According to a new study, the warm weather coupled with the anxiety that comes with introducing a partner to your family are the reasons romances tend to end at this time of year.
A survey of 1600 users on hook-up app RedHotPie found that now 'tis the season for breaking up, reports News.com.au.
"The combination of warmer temps, summer holidays and the thought of showing off a not-so-perfect partner to your 'fam' at Christmas means it's a perfect storm for breakups," says RedHotPie dating and relationship expert, Mark Rosenfeld.
The results of the study showed 71 per cent of women and 56 per cent of men would rather break up with their partner if they're "not that into them" than take them home to meet their family at Christmas.
"The warm weather means people are less interested in staying home and cuddling and more interested in putting themselves out there, showing off and getting the attention they desire," says Mr Rosenfeld, who offers dating advice on YouTube.
"Women and men felt exactly the same, with 78 per cent stating the warmer weather does make them more social and sexually adventurous."
He says the breakup figures aren't that surprising given 75 per cent of men and 71 per cent of women surveyed said they have dated someone "even though they knew they could do better".
Sexologist and relationship expert Dr Nikki Goldstein said it's less about Christmas plans and more about reflecting on the past year and considering what you want for the future.
"As we get towards the end of the year, we start reflecting on the year that's been," she says. "It feels chaotic, it feels crazy and people do start to reflect.
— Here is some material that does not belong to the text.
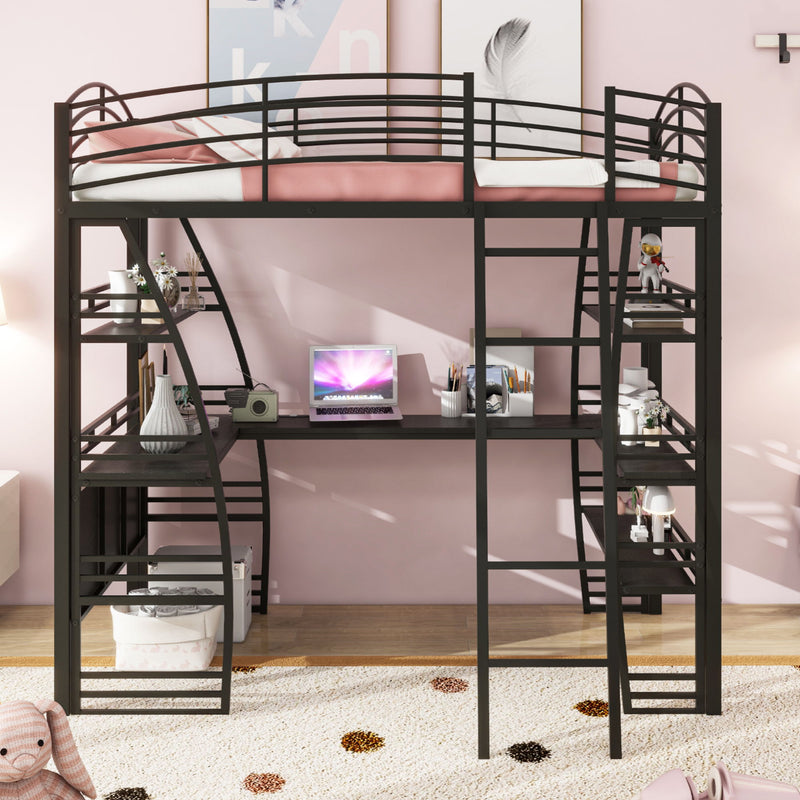 Loft Bed With 4 Layers Of Shelves And L-Shaped Desk, Stylish Metal Frame Bed With A Set Of Sockets, USB Ports And And Wireless Charging - R&R Furniture Gallery (Fountain Valley, CA)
"So I actually think that would impact why people break up more now, because when you get to that early January/February part of year, you're getting your life on track and you're feeling good about yourself, you don't want to be in a crappy relationship."
She also says the craziness of the silly season can also take its toll on relationships.
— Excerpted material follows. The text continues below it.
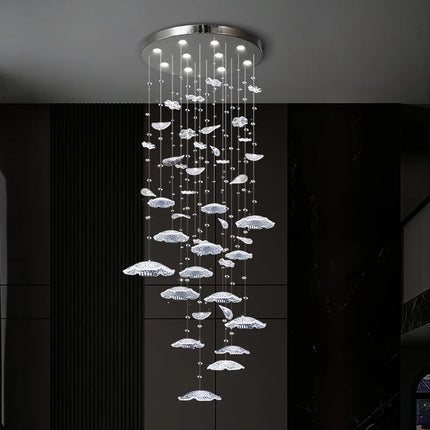 Duplex Loft Glass Ceiling Hanging Lamp Stair Chandelier Nordic Minimalist Long Staircase Chandelier Pendant Light Lighting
"It's a season for high stress, because you are doing things like meeting people's partners, incorporating families, and presents, and expectations.
"If you are in a position where you've been dating someone and you're talking about Christmas and them coming to your place and so forth, you're also putting [the relationship] into the category of being a little bit more serious," Dr Goldstein says.
"So that's what could be nudging people to go, 'Hmm, I'm not sure I'm ready for that'.
But for those who are thinking about ending it with their partner, Dr Goldstein says you should make sure you're doing it for the right reasons first.
"Breakups are not always a bad thing because you might be in a relationship that isn't healthy or isn't right for you," she says. "Take the time to work out: Are you freaking out unnecessarily, or are you rationally analysing life? Start to think about: do you see a future with this person? Is this the type of person you want to be with?"
Just because you're not ready to meet their family this Christmas, or have them meet yours, it doesn't mean you should pull the plug, she advises.
"Maybe it's just that things are moving too fast, but you really like this person.
"I think it's a good time to reflect but you have to mindful of that panic freak-out, because I think that's what so many of us do."
Mr Rosenfeld agrees when it comes to relationships, it's all about recognising whether your partner is the right person for you.
"The reality is we all want connection, but if we choose someone we know is not right for us and are too afraid to have that tough conversation, this end-of-year period is when it comes back to bite us," he says.
"You can go one of two routes: break up and find Mr or Ms Right, or realise your relationship is worth saving and look at other avenues for extra-curricular validation," he says.